Pourtant, dès le XVe siècle, l’Europe avait lancé une vaste entreprise d’unification du monde par le commerce et le progrès technique. Le modèle européen s’était ainsi progressivement diffusé dans le monde, avec des fortunes diverses. Mais l’Europe n’aurait commencé à récolter les fruits du développement qu’à partir du XVIIIe siècle, quelques décennies à peine avant les Etats-Unis. Ce pays lui a finalement ravi le leadership mondial, aidé sans doute par la vitalité de sa population active, sa capacité à innover, mais aussi par les guerres interminables sur le vieux continent.
De ce bref survol, il convient de retenir que le développement, tel qu’on le mesure aujourd’hui est une affaire récente. L’Europe et l’Amérique se sont développées au cours d’une courte période qui ne dépasse pas cent quatre-vingt ans. Le processus du développement apparaît aussi comme un secret bien gardé. Au premier groupe de 24 pays ayant franchi la barrière de 1 200 $ de PIB/h en 1900, n’a pu s’ajouter, en 2000, qu’une poignée de 6 pays dont le PIB/h a dépassé la barrière de 14 000 $, alors que l’ex-URSS restait à la traîne.
Le Président Wade a sans doute tranché un peu vite, mais il a le mérite de relancer le débat sur les modèles américain et européen, débat qui fait rage depuis la chute du mur de Berlin. Ainsi ont été comparés, les systèmes productifs, les systèmes d’innovation, les modes de gouvernance, les cultures managériales et les modes de résolution des conflits, y compris les conflits de valeur. Les différences - entre le modèle rhénan (européen), orienté réseau et le modèle américain, orienté marché - sont exacerbées avant d’être relativisées. A la suite des événements tragiques du 11/11 et du changement de paradigme stratégique avec la notion de guerre préventive, la « vieille Europe » et la « nouvelle Amérique » ont pu être présenté, l’une comme repoussoir et l’autre, comme modèle. C’est sans doute dans ce courant que le Président Wade s’inscrit. L’analyse de ces deux régions montre cependant un niveau extraordinaire d’interdépendance stratégique du fait de l’intensité des relations économiques, commerciales et technologiques. En outre, rien ne permet d’affirmer que le déclin de l’Europe et la suprématie américaine sont des processus irréversibles.

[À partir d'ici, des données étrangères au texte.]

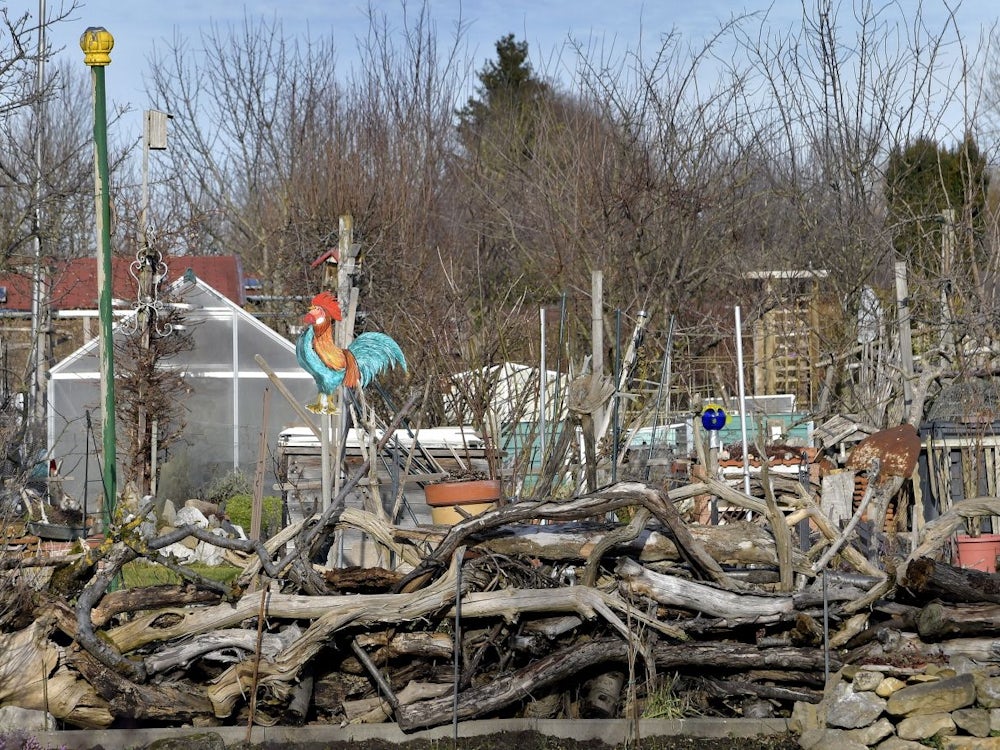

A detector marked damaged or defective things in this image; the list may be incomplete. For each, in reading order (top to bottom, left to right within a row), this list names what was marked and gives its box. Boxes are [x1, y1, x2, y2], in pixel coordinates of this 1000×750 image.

Dans la mesure où il n’y a ni opposition entre ces deux modèles, ni processus de développement codifié et généralisable, l’apprentissage par imitation pour les pays africains reste problématique et les résultats sont d’autant plus incertains que les écarts sont importants. Dès lors, le dernier mot revient à l’auteur de « De la démocratie en Amérique », Alexis de Tocqueville : « Où pourrions-nous trouver ailleurs de plus grandes espérances et de plus grandes leçons ? Ne tournons pas nos regards vers l’Amérique pour copier servilement les institutions qu’elle s’est données, mais pour mieux comprendre celles qui nous conviennent, moins pour y puiser des exemples que des enseignements, pour lui emprunter les principes plutôt que les détails de ses lois ».